Marissa Mayer’s New Plan For Yahoo Looks A Lot Like Her Old Plan For Yahoo

Yahoo CEO Marissa Mayer has spent close to two and a half years at the helm without articulating any particularly clear strategy for revitalizing the hodgepodge of a Web company. Now, pressured by activist shareholders who want her to cut costs and send its Alibaba-IPO windfall back to investors, Mayer has basically announced that she plans to … do more of what she’s been doing.

During the company’s quarterly earnings call on Tuesday, Mayer defended her strategy of acquiring startups—the majority of whose apps and services almost immediately vanished without a trace. Since Mayer took the helm in 2012, Yahoo has spent $1.6 billion on acquisitions. Most of that went to snap up social blogging platform Tumblr ($1.1 billion) and mobile analytics company Flurry (presumably somewhere around $300 million).

See also: Yahoo: Destroyer Of Startups

Mayer said her acquisitions have brought in talent, building-block technologies or “strategic” companies that complement or expand Yahoo’s other businesses. Tumblr and Flurry stand out as strategic plays in this scheme. She noted, for instance, that Yahoo and Tumblr now attract a billion “monthly average users,” meaning people who visit the sites at least once a month.

The Yahoo chief added said the infusion of startup employees has bolstered the teams working on Yahoo’s mobile products, while other purchases have brought in key technologies for one of the company’s four “pillars”—search, communications, digital magazines and video.

In recent months, Yahoo has been on a buying spree to bolster its mobile and advertising business; it’s picked up six related startups since March, plus two others in photo and document management.
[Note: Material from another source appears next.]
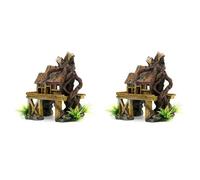 ISTOVO 2X Aquarium Decoration Artificial Fish Reptile House Shelter Fish Tank Landscaping Resin Building Ornaments Decor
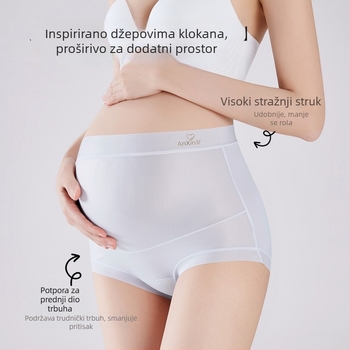 Gaćice za trudnice s visokim strukom od ice silk, 10A antibakterijske, podrška za trbuh, trokutaste gaćice, za trudnoću u srednjem i kasnom razdoblju, ultra tanke i prozračne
Yahoo competes with Google and Facebook in ads, two companies with growing dominance in online and mobile advertising.

Connecting The Dots

A chart to ease investor concerns over Mayer’s purchasing strategy.

Mayer was quick to draw a connection between her investments and Yahoo’s unexpectedly strong third-quarter financial results. Mobile revenue more than doubled year-over-year, she said. Native advertising was strong, accounting for $65 million in revenue for the company this quarter. 
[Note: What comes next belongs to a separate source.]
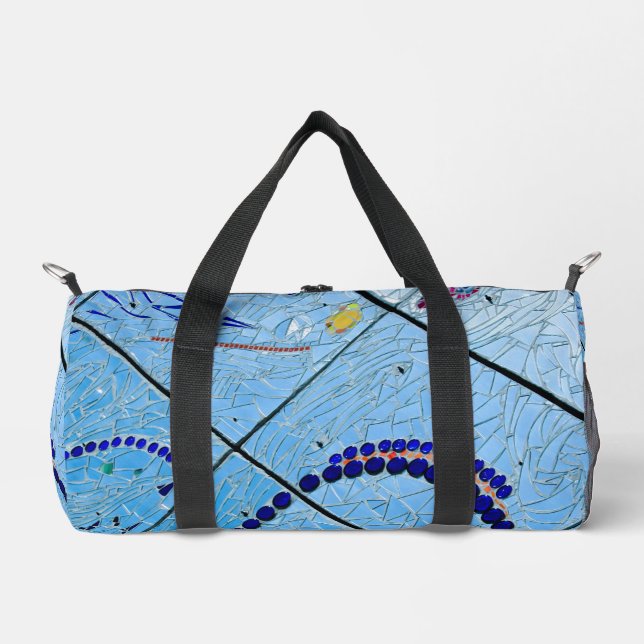 Bolso De Deporte Pequeño Mosaico Espejo Azul (Anverso)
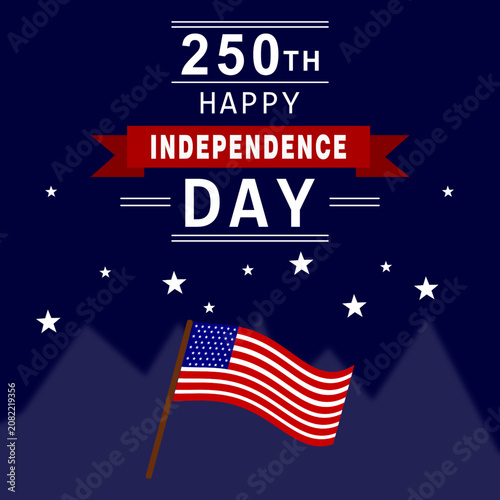 Celebration Banner with American Flag and 250th Anniversary Independence Day Text on Dark Blue Background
“We achieved this revenue growth through strong growth in our new areas of investment—mobile, social, native and video—despite industry headwinds in some of our large, legacy businesses,” Mayer said in a statement to investors.  
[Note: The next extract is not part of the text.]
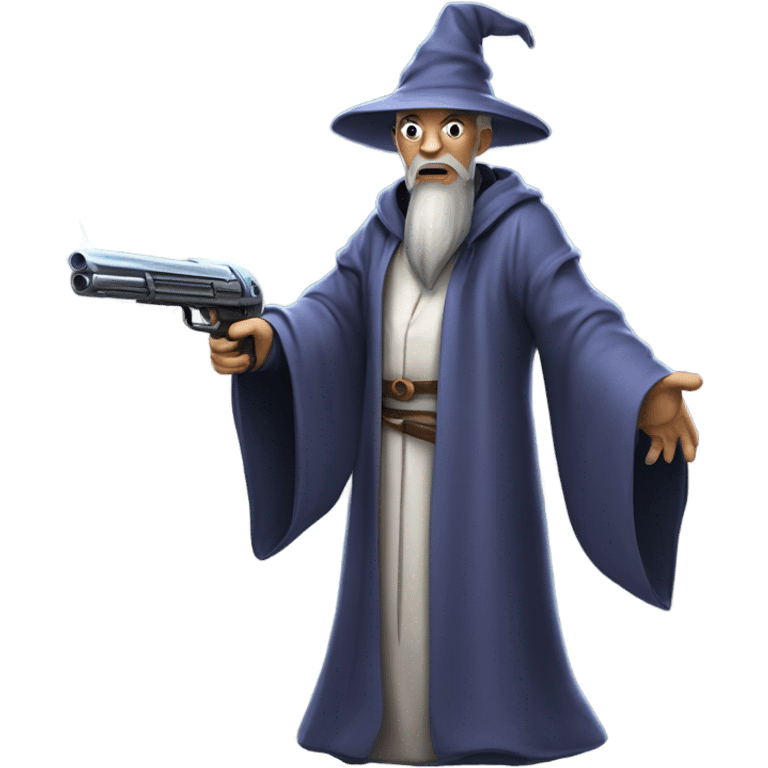 Wizard holding a gun emoji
Mayer also touched on cost-cutting strategies including closing eight offices, letting go of 2,000 poor-performing employees, and sunsetting more than 65 products.

Wolves At The Door

Mayer’s defensive plans are partly in response to activist investor Starboard LP, which recently sent a letter to Yahoo encouraging it to merge with similarly struggling Internet giant AOL. Yahoo and Mayer are facing pressure to turn the company around as questions about her leadership grow.

“We all came here to return in iconic company to greatness,” Mayer said on the call. “We’ve come really far, very fast.”